Molly Raphael 2011-2012 ALA President
Libraries: essential for learning, essential for life
(Abstract is in Sunday's programme)
Libraries can and must play a transformative role in people's lives. Tough economy but huge increase in demand/use of libraries.
In 1990s some thought libraries would fade away with rise of the internet. Instead libraries embraced the internet, proved adaptability. Now need to change rapidly and demonstrate we're as essential as any other "essential services" (police, fire departments). We're not "discretionary" or "ancillary" services though we're not effective at making our case.
Need to transform libraries and transform how people think about us.
How do we keep our libraries moving forward?
Look for opportunities. Libraries doing pretty well at this. Not just keeping up with changes in technology but also how we communicate with public - local and broader community via online.

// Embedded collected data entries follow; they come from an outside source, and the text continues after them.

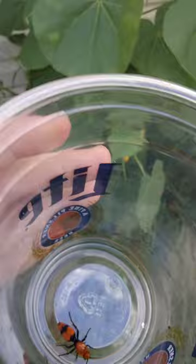Look at this thing — a red velvet ant! I think if you get stung by these things it hurts a lot. We found them in my garage, so we're just gonna go sit them by my plant.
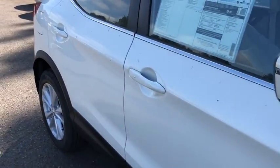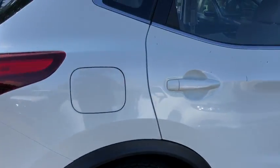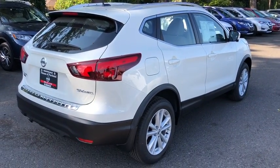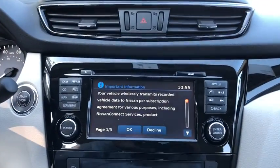Here are some of this vehicle's great options: stability control, steering wheel audio controls, keyless entry, traction control, anti-lock braking system, all-wheel drive, backup camera, Bluetooth, power steering, adjustable steering wheel, cruise control.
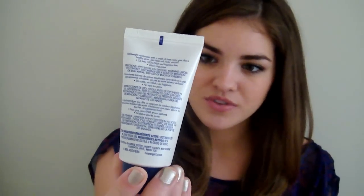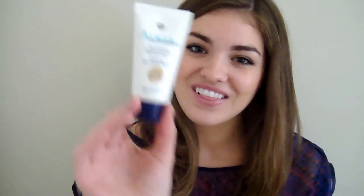For my foundation, I've actually switched it up. I still love the one I was using before, but I found this one and I am obsessed with it. It's by CoverGirl, it's called the Aqua Smoother. I'm in the color light to medium. It's a tinted moisturizer — it doesn't have as much coverage as I'm used to, but between the primer and the better-looking skin and everything, I really love this. It feels so lightweight. I honestly don't even feel like I'm wearing any makeup right now. I also love that it's so affordable — I wouldn't feel guilty about spending money on it.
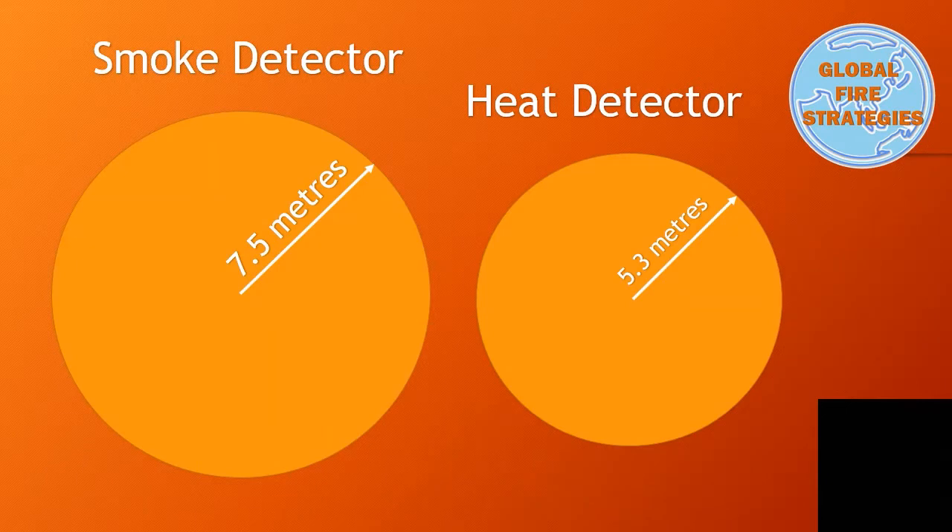As we know, for smoke detectors, the requirement is that any point in a room and a device should be within 7.5 metres, and that reduces to 5.3 metres for heat detectors. But the question is, where did those figures come from?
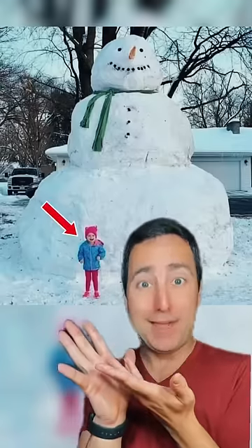I just want to know how you got those sticks to be in the snowman. Where did you even find sticks that big? I do not believe that this was made by this. This snowman is bigger than the houses.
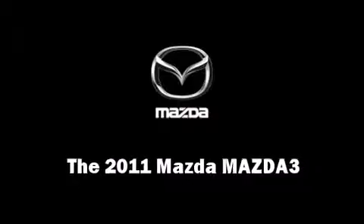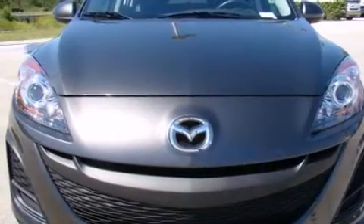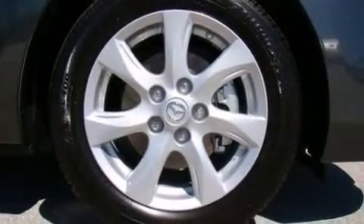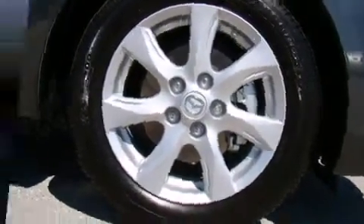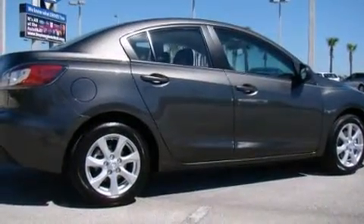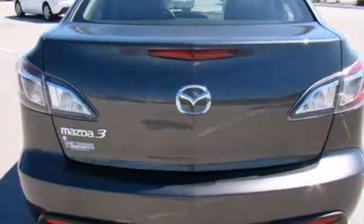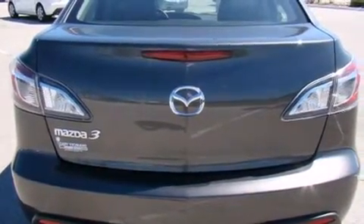Experience driving perfection in the 2011 Mazda 3. This four-door, five-passenger sedan provides a satisfying ride for all passengers. It features an automatic transmission, front-wheel drive, and a two-liter four-cylinder engine. Top features include a split folding rear seat.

Keeping up with demographic changes.
Excited by what she sees in libraries and library websites. Balancing demand for traditional services with demand for e-services.
Physical library vs virtual library. Most libraries are somewhere in the middle, usually towards physical. We make strategic choices re what we invest in. Shift to virtual use but still lots of demand for face-to-face.
Community library vs individual library. How do we bring people together, create spaces to make it possible - community not just individual.
Collection library vs creation library. Tend to be more focused on collection side, but some more creative esp in Netherlands, Denmark, Singapore.
Portal library vs archival library.
Research on what affects public's likelihood to support libraries for more funding:
Library funding support is only marginally related to library visits - many highly believe in libraries even if they don't use them. Perception of librarians is an important predictor of library funding support. Raphael's going to stop introducing herself at community events as "Director" in favour of "Chief Librarian".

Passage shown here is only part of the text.